Data under study =
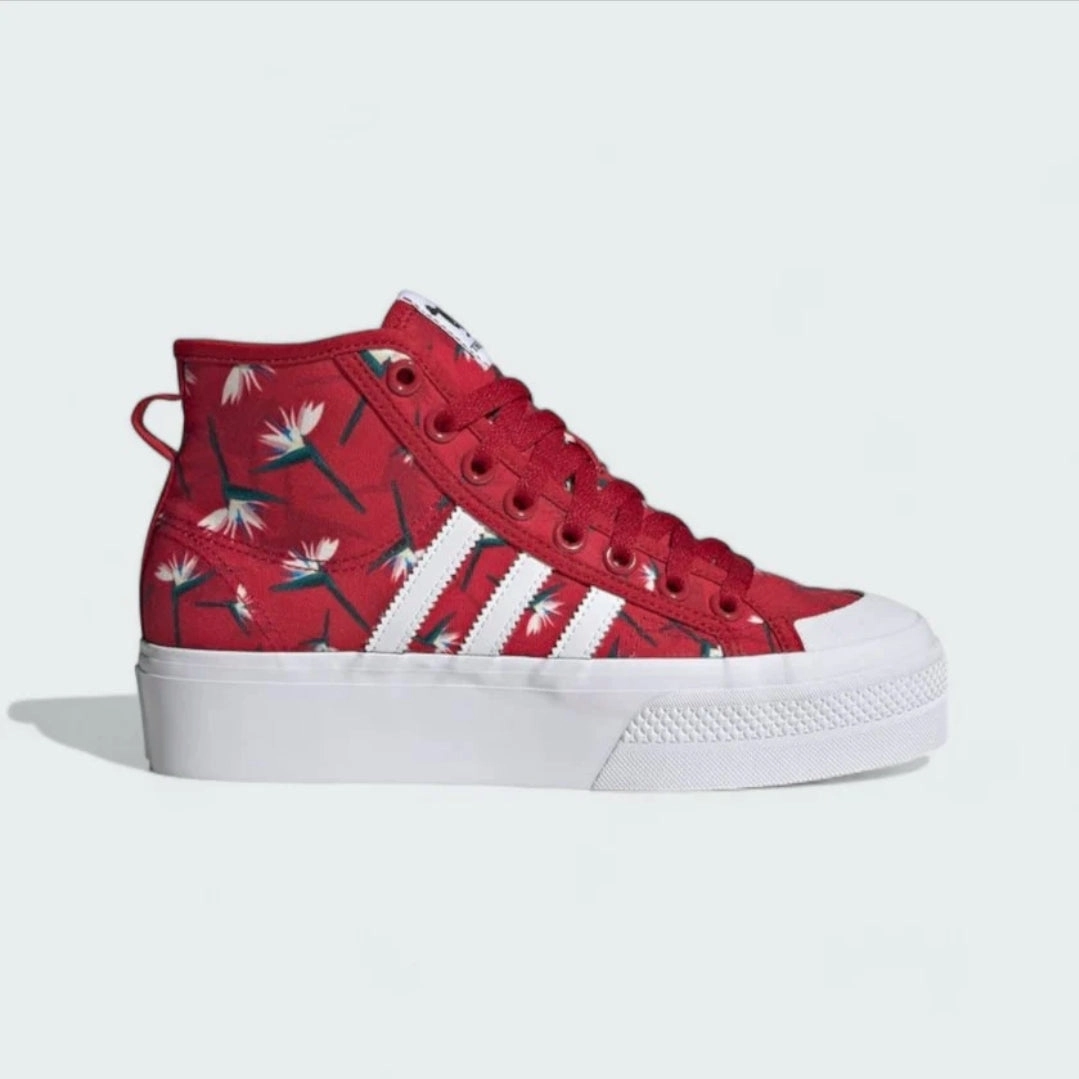 Adidas Nizza Platform Mid GY9561 Shoes Tm W Red/White (US-6) Adidas Star Wars Shoes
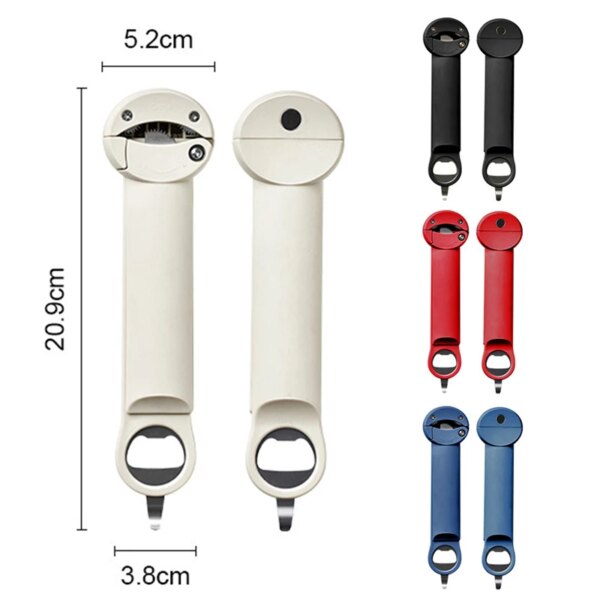 68231-fyap9m.jpg Retractable Multi-Function Bottle Opener: Stainless Steel, Magnetic Suction, Labor-Saving Kitchen Tool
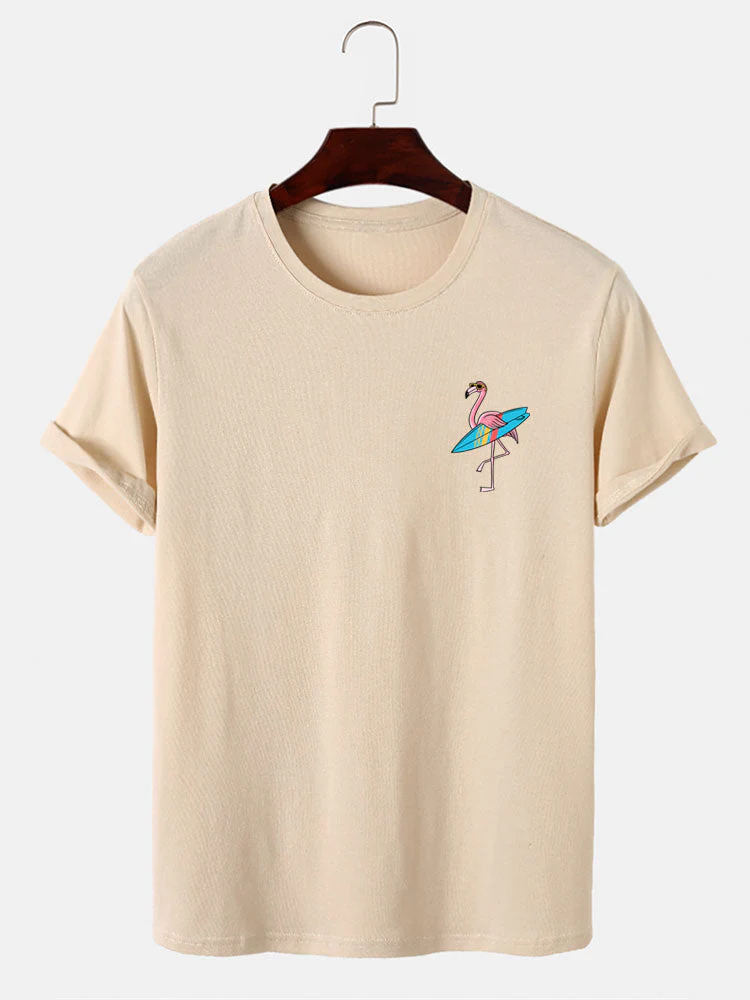 Herman® | Surf Flamingo Print T-Shirt - Image 5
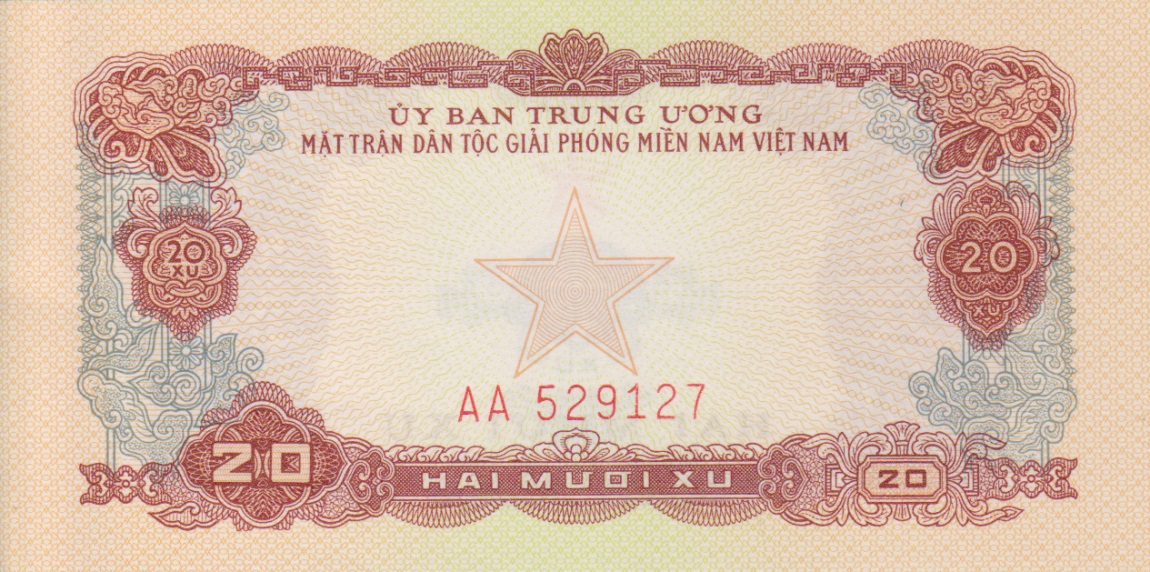Front of Vietnam, South pR2: 20 Xu from 1963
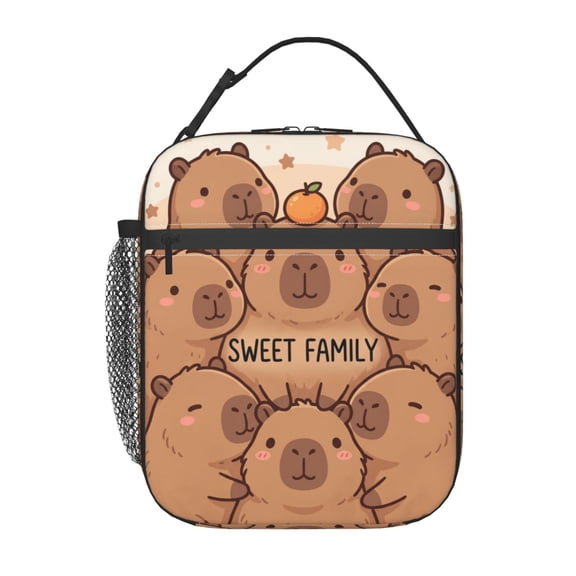 Capybara Lunch Bag Lunch Box For Women Men, Reusable Insulated Lunch Tote Bag, Thermal Cooler Sack Food Handbags High Capacity For Office Work Travel Picnic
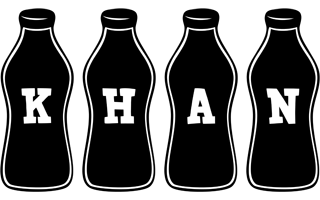 khan bottle logo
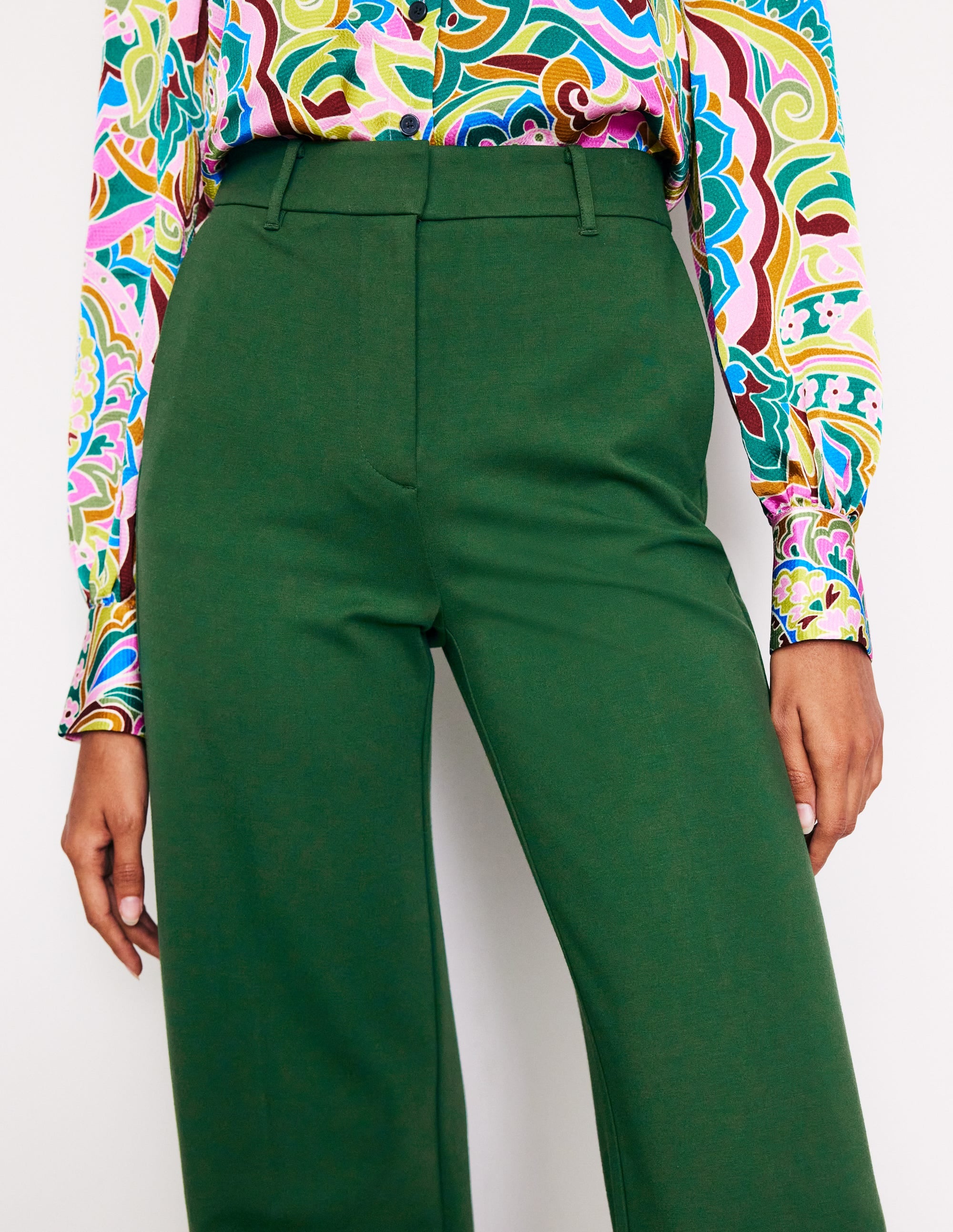 Westbourne Ponte Trousers-Pine - Image 2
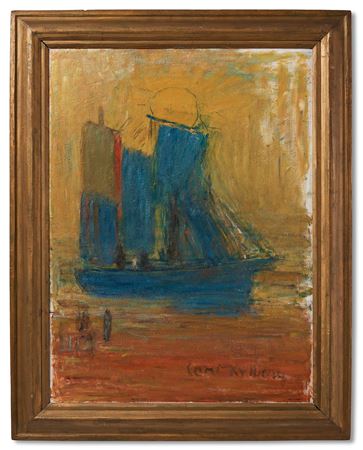 "Segeltorkning (II)" by Carl Kylberg - Auction record, sale price, and art valuation. Compare with similar artists and explore comparable artworks.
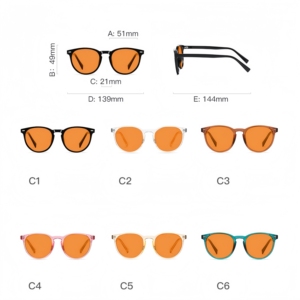 Anti-Blue Light Computer Glasses for Men Fashion 100% Blue-Light Blocker Eyeglasses OEM Wholesale High-end Custom TR90 <strong>Frame</strong> - Product Image 4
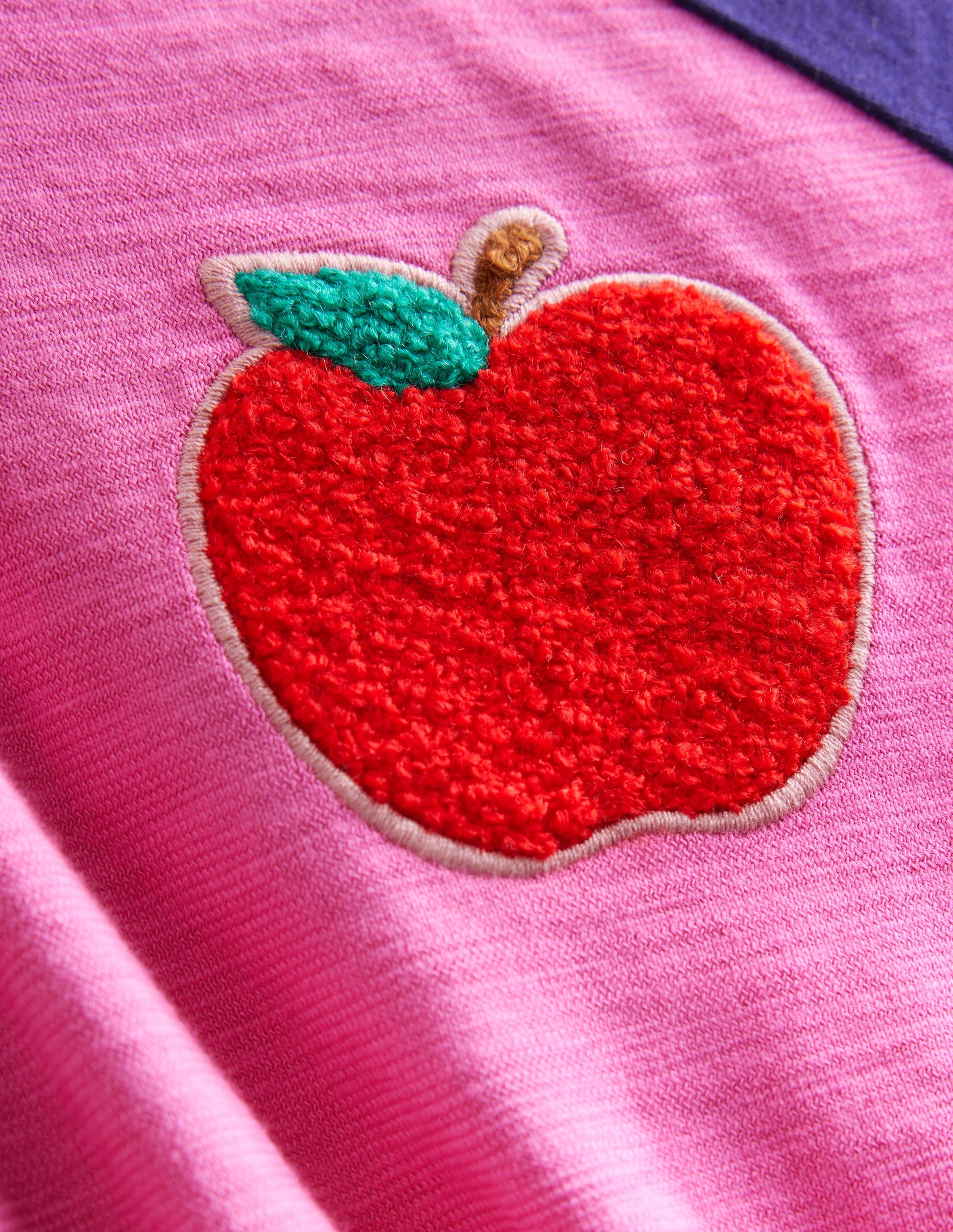 Robe manches raglan à logo-Pomme rose bonheur-3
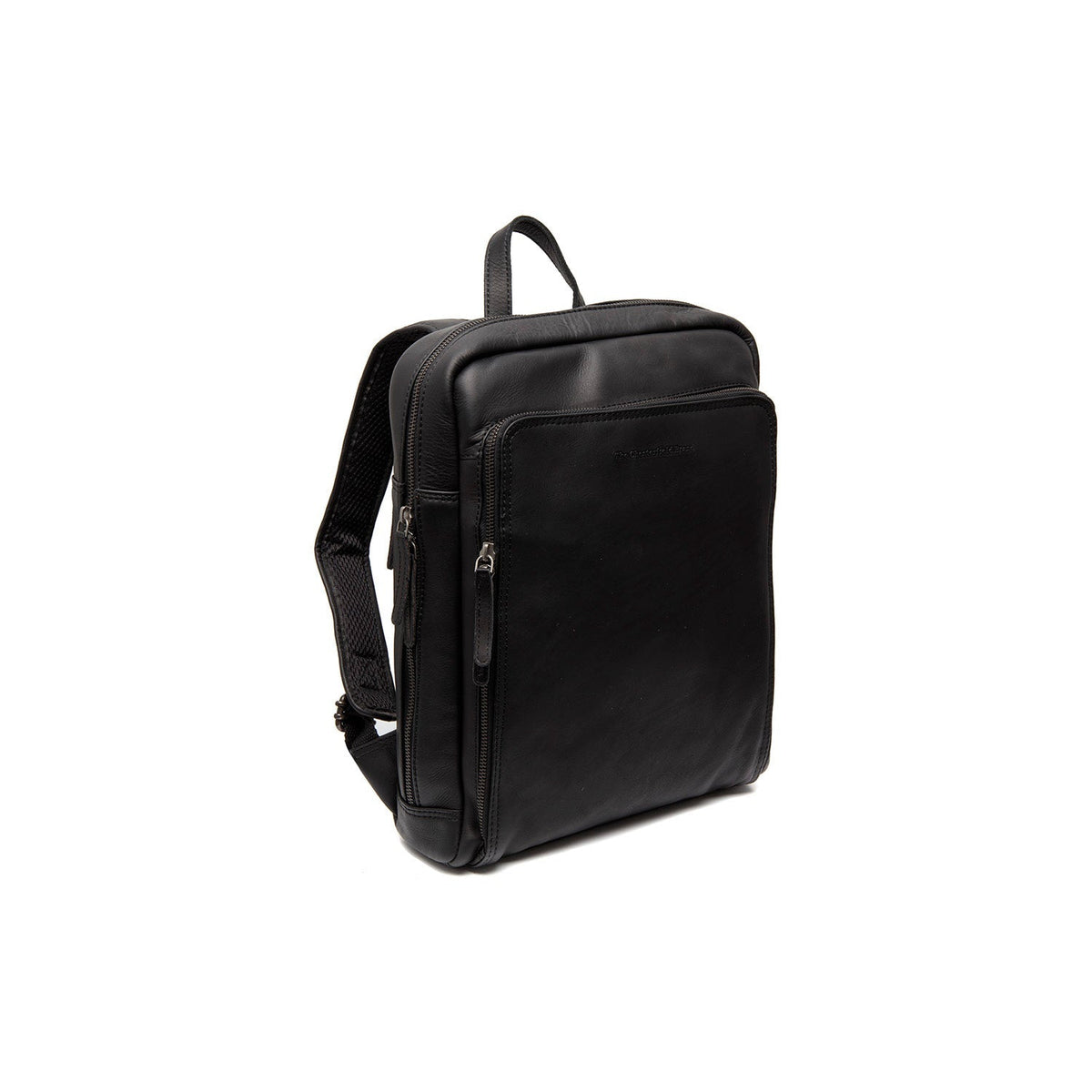 Jasper Full-Grain Leather Laptop Backpack klasszikus 100% valódi teljes bőrből - Full Exterior Elölnézet & testre szabott sziluett | Online vásárlás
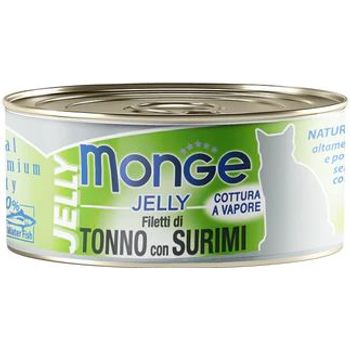 Monge Cat Jelly Yellowfin Tuna with Surimi 80g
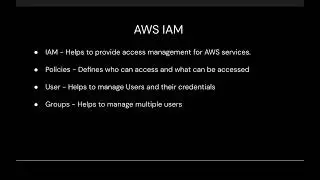 Introduction to IAM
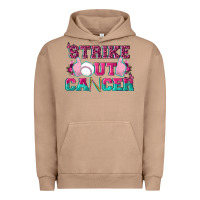 Pigment Burro Strike Out Cancer Baseball Urban Hoodie - texasbilliewilder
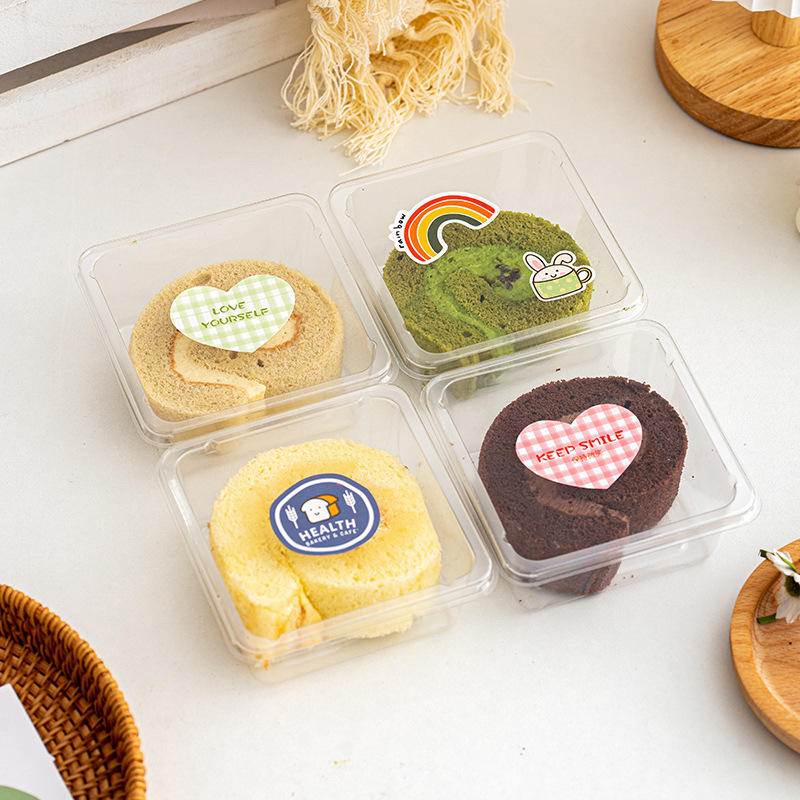 烘焙包装单个装蛋糕卷女王卷西点盒木糠蛋糕水果捞千层慕斯豆乳盒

What is expected = Everything from the line containing "Introduction to IAM" through the last line of the records above is to be reproduced exactly, except the pictures.

Your response =
 Introduction to IAM
 Pigment Burro Strike Out Cancer Baseball Urban Hoodie - texasbilliewilder
 烘焙包装单个装蛋糕卷女王卷西点盒木糠蛋糕水果捞千层慕斯豆乳盒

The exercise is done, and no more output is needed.